By Mark Hallum
Members of Community Board 11 narrowly passed a variance on Feb. 5 that will allow owners of Douglaston Plaza to oust a MovieWorld from the shopping center and replace it, along with a recently closed Macy’s, with a Lowe’s home improvement store.
The meeting, during which there was bitter debate between those in favor of Lowe’s and those wishing to keep the theater, summoned memories of the June vote to approve the Northern Boulevard bike lanes for which the members complained there was not enough time to review the details before a vote was to be cast.
Jon Popin, an attorney with Duane Morris representing Ashkenazy Acquisition Corporation, argued in favor of the Lowe’s location on the stance that since Macy’s closed shop, the shopping center has become a “ghost town” without a major outlet, but that Lowe’s will need a larger footprint to operate.
“What we have now is a faceless shopping center,” Popin said. “What the owners of the shopping center are trying to do is revitalize and reposition the shopping center, but really keep it from closing. If the shopping center closes, it’s likely, because this is a residential district, it won’t be redeveloped as another shopping center… It may be residential housing — maybe affordable housing with de Blasio — who knows.”
Community members spoke out against the insinuation they would be opposed to affordable housing and Popin eventually apologized for the remarked.
“We don’t like being threatened with affordable housing,” Janet McEneaney said.
With Douglaston Plaza lacking highway accessibility and with retail centers drawing customers in Long Island, A.J. Levine, AAC’s Chief Operations Officer, said they had exhausted all other options to fill the space with another business and Lowe’s would be the only suitable one. But Lowe’s would require both spaces to operate and only after heavy renovation.
With five years still on its lease, MovieWorld owner Russell Levinson said their contract included the right of the shopping center to buy them out, which will pave the way for the closure if the variance was approved by the CB11.
During the public discussion period, many residents, including one MovieWorld employee of 14 years who gave an impassioned speech, voiced their support for preserving the theater as the best option for affordable tickets for schools and the elderly on fixed incomes.

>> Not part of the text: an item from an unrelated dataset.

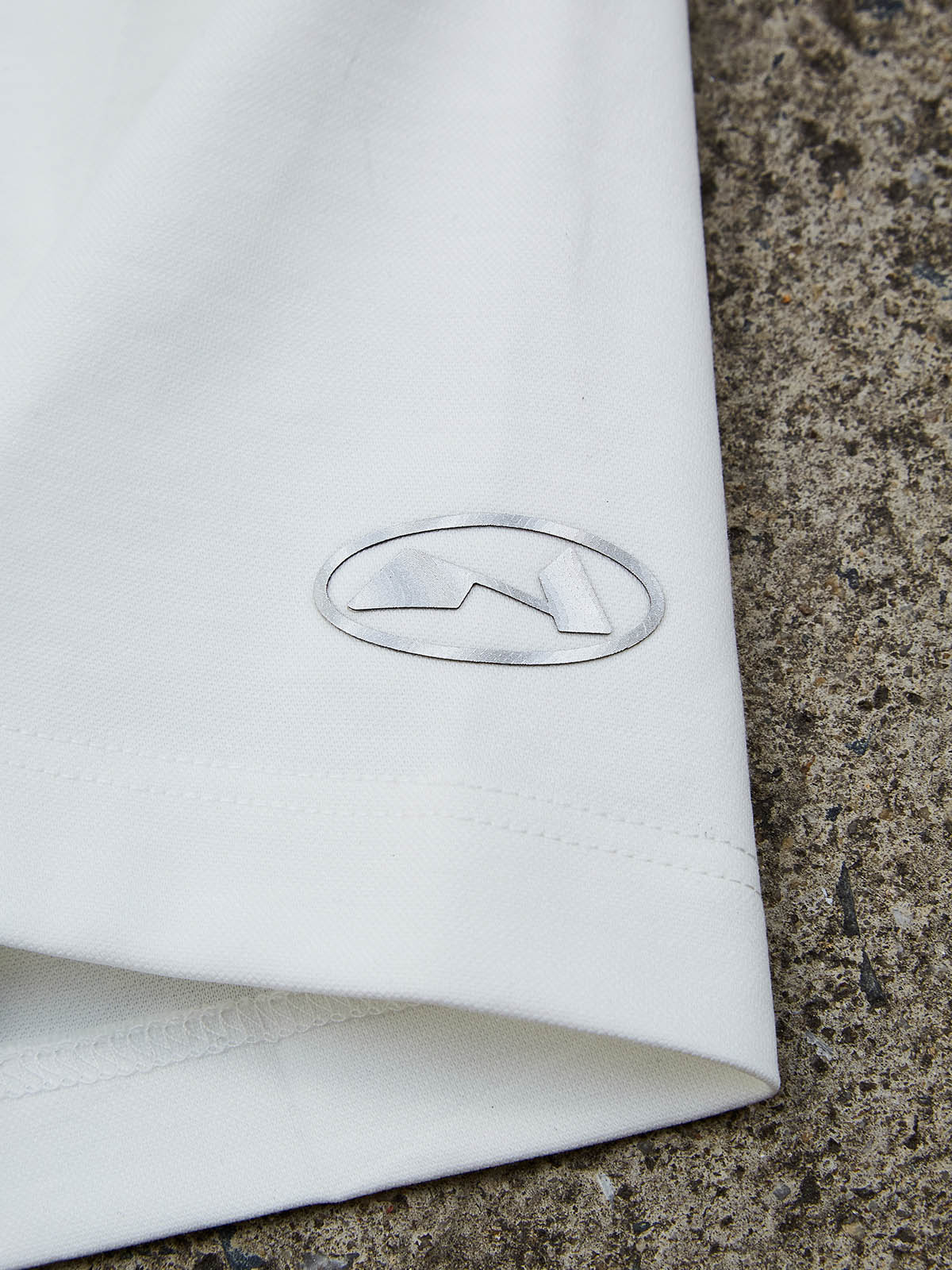 UV Shield & Negative Ion Cooling Logo-Printed T-Shirt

Macy’s closed hundreds of stores in 2017 as a result of its inability to keep up with online markets, executives of the company said, and in April this included the location at Douglastion Plaza. But in January, permits had already been filed with the Dept. of Buildings for a Lowe’s to swallow both spaces occupied by Macy’s and MovieWorld, but these were permits were shot down by the agency.

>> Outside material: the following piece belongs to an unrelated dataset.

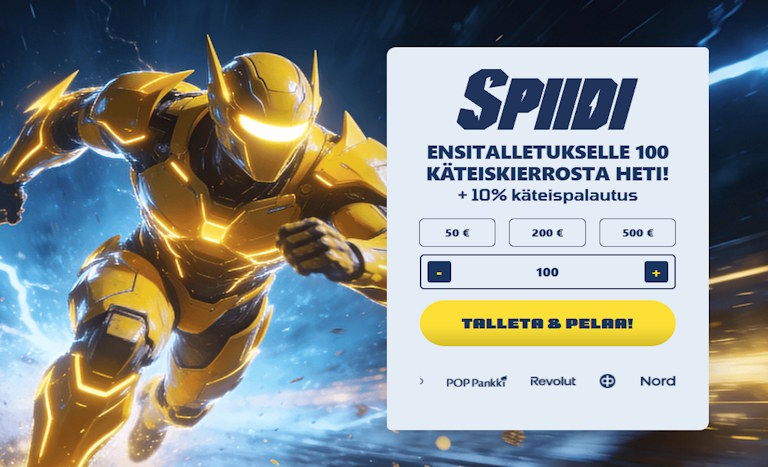 Spiidi Casino uutena pikakasinona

The space in which Macy’s operated was 157,000 sq. feet, but Lowes needs 250,000 to operate, and would need to reenforce parts of the multi-level structure to support their often heavy inventory.
David Koerne, Lowe’s director of engineering and construction, said the location would not be feasible from a structural standpoint if they did not expand the footprint of the current business because the lower level did not have high enough ceilings for much of its inventory.
During the meeting, audience members contested this assessment and asked for repeated reiteration on why they would not be able to better utilize the space without consuming the movie theater. On more than two occasions, CB11 Chairwoman Christine Haider threatened to call the police to remove members of the audience who spoke out of order.
When Koerne made the point that Lowe’s makes it an corporate initiative to “be a good neighbor” by hiring local residents, and especially veterans, one board member retorted that they can be good neighbors by not forcing the movie theater out of business.
The motion to recommend the Board of Standards and Appeals give final approval of the variance passed 18 to 12.